*** MATERIAL FOR THIS EXERCISE Section Begins ***
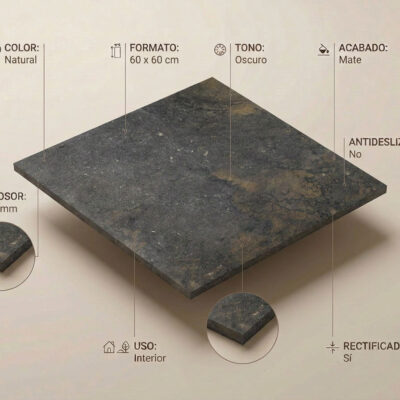 Baldosa porcelanica Strato Natural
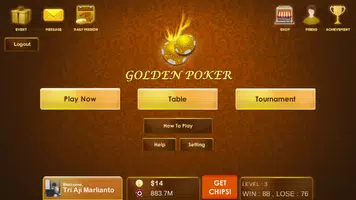 Golden Poker Captura de tela 2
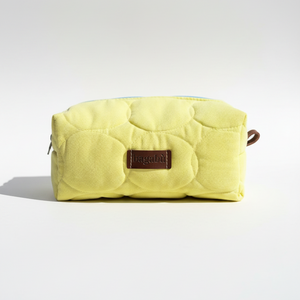 butter yellow toiletry bag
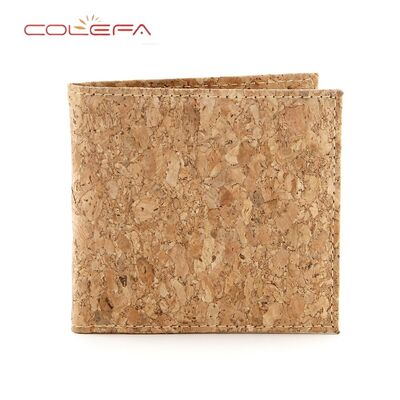 Retro Women's Long-Style Zippered Wallet Phone Case with Printing Bestseller Eco-Friendly Cork Bark Wallet Travel Souvenir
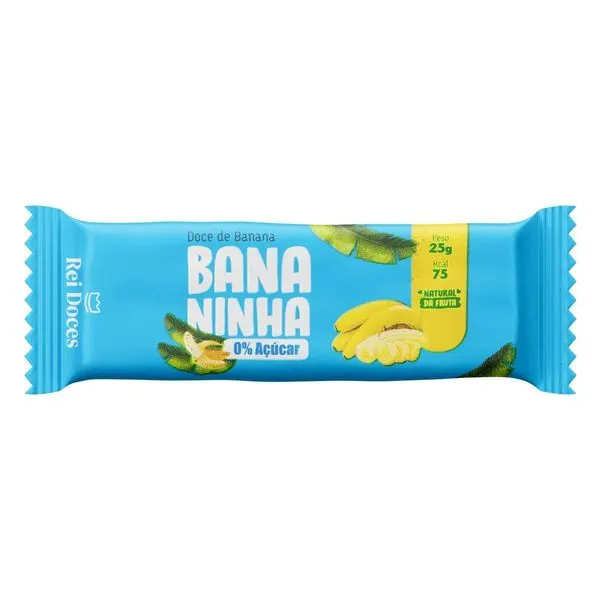 Bananinha  zero açúcar 25g rei doces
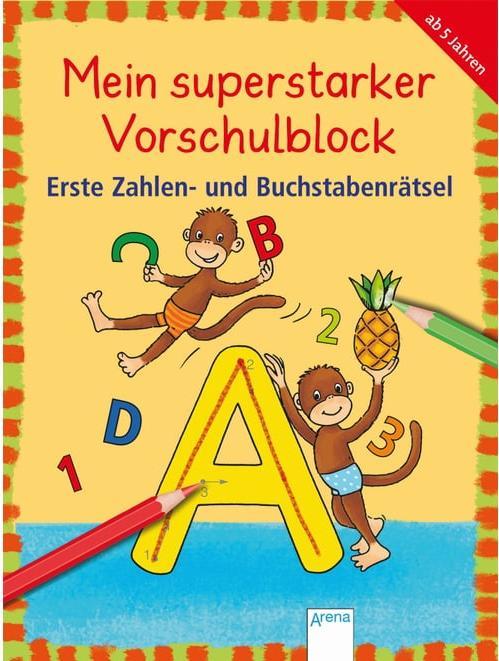 Produktbild Mein superstarker Vorschulblock. Erste Zahlen- und Buchstabenrätsel (Deutsch, Christiane Krapp, Edith Thabet, Lena Roth, 2018)
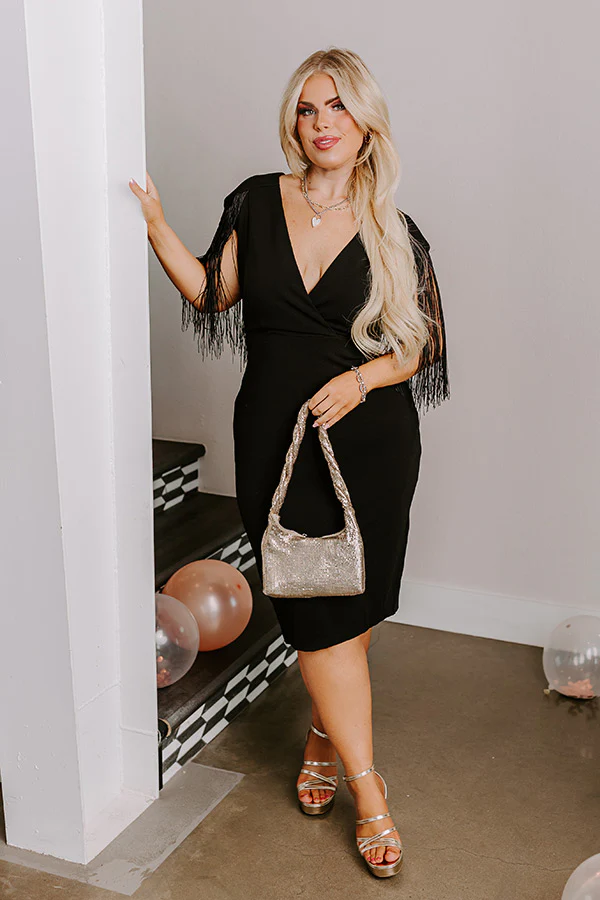 Daily Romance Fringe Dress In Black Curves - Image 4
*** MATERIAL FOR THIS EXERCISE Section Ends ***
§ **PROMPT**:
Skipping all pictures, set the listing down exactly as written.

§ **TASK ANSWER**:
 Baldosa porcelanica Strato Natural
 Golden Poker Captura de tela 2
 butter yellow toiletry bag
 Retro Women's Long-Style Zippered Wallet Phone Case with Printing Bestseller Eco-Friendly Cork Bark Wallet Travel Souvenir
 Bananinha  zero açúcar 25g rei doces
 Produktbild Mein superstarker Vorschulblock. Erste Zahlen- und Buchstabenrätsel (Deutsch, Christiane Krapp, Edith Thabet, Lena Roth, 2018)
 Daily Romance Fringe Dress In Black Curves - Image 4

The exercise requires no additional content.